Requirement
Could you print exactly the lines of the listing below, starting at the line that has "A pair of light" and ending at the line that has "Fresh organic fruits", and only those lines?

==============================

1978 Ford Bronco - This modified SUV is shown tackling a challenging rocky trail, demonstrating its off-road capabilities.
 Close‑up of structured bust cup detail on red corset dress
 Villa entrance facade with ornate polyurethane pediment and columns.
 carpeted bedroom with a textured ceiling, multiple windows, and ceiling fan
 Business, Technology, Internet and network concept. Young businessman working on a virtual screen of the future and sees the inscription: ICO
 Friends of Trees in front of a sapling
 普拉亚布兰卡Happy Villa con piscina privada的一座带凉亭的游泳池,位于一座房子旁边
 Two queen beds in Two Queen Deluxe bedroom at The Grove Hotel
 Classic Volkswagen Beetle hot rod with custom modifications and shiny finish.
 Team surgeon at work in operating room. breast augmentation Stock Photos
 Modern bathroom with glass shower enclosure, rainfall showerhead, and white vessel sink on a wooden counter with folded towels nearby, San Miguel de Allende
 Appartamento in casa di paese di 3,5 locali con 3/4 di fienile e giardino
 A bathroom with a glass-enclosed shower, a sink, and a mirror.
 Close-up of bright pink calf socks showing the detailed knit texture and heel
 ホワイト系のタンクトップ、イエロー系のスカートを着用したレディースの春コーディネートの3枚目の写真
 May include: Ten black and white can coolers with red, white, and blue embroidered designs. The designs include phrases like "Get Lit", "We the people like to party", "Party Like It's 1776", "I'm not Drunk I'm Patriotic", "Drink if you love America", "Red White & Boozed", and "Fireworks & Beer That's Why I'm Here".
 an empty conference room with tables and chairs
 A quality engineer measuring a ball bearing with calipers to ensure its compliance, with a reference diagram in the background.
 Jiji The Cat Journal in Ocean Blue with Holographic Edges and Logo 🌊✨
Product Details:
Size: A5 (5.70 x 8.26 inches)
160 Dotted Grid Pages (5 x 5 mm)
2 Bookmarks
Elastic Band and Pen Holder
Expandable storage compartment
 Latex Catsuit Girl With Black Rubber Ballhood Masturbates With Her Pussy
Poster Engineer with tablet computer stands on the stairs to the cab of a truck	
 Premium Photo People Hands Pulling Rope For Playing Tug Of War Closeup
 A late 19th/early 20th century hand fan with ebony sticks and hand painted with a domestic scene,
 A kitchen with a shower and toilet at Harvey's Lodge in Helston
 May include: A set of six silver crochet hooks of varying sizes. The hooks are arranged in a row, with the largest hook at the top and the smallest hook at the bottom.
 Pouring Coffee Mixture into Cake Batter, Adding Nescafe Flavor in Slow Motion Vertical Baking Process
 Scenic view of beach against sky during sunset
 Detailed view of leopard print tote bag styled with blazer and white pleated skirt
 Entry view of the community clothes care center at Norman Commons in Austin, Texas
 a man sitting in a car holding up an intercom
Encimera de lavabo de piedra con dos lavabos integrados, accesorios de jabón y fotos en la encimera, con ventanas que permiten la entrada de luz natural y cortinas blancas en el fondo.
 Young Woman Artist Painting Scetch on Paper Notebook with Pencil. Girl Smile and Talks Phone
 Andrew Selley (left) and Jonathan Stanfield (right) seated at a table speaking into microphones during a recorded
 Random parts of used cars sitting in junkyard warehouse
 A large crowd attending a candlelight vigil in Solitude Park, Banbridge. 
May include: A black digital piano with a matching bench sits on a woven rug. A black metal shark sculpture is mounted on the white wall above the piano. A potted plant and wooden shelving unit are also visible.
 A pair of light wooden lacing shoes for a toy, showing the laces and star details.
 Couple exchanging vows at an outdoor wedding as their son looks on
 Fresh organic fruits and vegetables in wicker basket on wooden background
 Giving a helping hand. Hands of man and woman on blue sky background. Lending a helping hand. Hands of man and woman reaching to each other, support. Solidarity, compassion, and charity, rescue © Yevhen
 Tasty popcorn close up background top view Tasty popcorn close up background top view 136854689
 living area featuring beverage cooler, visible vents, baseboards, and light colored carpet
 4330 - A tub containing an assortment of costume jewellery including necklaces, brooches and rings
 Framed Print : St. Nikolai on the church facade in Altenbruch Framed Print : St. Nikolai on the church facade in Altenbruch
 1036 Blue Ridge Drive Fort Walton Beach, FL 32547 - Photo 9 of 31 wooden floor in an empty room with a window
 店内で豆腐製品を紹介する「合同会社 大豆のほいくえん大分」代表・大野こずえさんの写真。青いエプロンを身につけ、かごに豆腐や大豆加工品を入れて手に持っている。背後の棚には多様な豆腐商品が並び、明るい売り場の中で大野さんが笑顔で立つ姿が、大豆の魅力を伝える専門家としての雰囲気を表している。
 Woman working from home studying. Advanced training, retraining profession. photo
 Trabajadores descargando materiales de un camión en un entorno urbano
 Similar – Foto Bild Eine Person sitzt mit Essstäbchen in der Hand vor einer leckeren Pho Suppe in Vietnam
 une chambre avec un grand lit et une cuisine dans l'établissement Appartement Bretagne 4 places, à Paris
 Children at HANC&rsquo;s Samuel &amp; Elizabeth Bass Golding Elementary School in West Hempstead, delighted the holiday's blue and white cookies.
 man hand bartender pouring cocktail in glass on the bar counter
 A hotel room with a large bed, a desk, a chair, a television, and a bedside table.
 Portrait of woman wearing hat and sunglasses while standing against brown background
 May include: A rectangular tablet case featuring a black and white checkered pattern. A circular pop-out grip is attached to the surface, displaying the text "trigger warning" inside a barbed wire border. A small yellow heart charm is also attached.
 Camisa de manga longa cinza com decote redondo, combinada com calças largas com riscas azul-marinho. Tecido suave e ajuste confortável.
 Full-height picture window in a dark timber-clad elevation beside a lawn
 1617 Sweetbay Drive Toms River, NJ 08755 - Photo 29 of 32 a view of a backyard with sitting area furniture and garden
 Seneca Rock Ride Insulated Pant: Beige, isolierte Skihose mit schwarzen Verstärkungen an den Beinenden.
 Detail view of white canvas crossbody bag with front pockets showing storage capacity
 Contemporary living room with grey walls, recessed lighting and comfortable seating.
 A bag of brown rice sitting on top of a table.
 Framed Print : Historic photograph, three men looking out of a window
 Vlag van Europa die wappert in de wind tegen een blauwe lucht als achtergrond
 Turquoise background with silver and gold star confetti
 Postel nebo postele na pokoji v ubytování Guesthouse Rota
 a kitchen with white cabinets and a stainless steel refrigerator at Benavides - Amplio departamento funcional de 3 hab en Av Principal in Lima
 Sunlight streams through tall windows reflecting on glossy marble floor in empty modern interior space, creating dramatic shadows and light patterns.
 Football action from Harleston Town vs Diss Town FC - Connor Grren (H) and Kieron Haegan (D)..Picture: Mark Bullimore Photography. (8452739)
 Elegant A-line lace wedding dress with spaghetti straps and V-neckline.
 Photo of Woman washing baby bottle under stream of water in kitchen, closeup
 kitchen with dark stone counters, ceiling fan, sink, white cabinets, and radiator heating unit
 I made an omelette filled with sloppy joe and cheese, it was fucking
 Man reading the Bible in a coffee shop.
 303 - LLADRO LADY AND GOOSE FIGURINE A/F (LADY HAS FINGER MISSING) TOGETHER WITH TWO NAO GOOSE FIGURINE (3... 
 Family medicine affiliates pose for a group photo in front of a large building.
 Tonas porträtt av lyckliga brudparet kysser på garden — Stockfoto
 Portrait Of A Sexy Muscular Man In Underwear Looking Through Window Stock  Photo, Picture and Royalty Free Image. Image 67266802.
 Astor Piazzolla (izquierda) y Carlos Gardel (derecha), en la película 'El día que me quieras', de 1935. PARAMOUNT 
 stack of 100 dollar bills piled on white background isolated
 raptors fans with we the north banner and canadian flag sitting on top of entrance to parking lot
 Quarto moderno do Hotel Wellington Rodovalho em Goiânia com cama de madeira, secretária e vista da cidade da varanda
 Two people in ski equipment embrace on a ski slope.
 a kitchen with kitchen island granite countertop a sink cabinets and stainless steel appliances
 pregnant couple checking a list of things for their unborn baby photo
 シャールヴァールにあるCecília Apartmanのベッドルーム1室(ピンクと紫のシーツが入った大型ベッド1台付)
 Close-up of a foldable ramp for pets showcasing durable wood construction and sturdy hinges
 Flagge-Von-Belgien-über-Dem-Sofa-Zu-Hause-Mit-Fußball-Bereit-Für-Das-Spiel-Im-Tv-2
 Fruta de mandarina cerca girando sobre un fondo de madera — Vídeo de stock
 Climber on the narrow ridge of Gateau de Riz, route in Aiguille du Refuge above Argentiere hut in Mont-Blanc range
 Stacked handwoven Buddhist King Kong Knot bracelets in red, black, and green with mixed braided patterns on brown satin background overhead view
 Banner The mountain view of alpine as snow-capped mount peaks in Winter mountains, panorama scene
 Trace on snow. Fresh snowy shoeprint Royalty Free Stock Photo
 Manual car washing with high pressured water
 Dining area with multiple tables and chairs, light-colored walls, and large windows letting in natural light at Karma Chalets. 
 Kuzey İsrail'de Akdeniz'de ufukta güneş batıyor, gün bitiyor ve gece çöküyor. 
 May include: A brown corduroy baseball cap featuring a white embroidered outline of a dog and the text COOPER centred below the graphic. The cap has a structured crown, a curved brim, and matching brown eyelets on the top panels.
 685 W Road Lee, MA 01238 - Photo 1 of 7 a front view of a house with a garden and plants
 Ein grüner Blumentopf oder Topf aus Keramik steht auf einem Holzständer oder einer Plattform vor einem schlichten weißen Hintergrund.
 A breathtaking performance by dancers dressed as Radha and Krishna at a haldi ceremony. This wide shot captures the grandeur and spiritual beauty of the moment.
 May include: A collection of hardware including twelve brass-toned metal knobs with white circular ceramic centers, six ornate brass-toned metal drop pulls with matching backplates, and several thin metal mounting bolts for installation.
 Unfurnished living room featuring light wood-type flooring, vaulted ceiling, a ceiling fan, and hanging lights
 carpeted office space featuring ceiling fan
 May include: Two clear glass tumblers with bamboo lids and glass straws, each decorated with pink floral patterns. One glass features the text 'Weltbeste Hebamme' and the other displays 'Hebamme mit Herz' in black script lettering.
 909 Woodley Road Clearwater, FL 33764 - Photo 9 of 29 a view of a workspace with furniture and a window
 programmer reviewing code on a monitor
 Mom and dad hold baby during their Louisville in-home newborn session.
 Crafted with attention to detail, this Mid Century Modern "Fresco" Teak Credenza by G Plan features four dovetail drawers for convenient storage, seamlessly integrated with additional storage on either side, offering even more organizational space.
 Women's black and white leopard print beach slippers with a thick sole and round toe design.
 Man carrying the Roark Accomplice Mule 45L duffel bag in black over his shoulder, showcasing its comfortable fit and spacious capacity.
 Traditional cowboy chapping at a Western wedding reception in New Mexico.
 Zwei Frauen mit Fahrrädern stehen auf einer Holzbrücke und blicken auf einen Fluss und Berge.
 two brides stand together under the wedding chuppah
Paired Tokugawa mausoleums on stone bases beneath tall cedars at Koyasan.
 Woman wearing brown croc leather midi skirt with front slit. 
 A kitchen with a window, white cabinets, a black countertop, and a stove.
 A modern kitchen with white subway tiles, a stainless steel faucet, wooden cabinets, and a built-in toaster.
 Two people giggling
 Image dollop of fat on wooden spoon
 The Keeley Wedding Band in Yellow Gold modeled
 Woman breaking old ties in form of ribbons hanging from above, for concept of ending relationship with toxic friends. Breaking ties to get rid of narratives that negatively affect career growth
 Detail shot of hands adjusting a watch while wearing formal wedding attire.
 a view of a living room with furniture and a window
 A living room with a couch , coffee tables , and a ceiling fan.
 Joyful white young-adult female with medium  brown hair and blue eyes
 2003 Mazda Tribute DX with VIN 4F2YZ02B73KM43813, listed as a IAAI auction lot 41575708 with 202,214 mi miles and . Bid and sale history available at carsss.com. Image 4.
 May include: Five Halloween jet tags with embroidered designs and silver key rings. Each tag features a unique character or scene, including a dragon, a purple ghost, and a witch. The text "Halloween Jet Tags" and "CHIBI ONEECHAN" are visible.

==============================

Expected output
 A pair of light wooden lacing shoes for a toy, showing the laces and star details.
 Couple exchanging vows at an outdoor wedding as their son looks on
 Fresh organic fruits and vegetables in wicker basket on wooden background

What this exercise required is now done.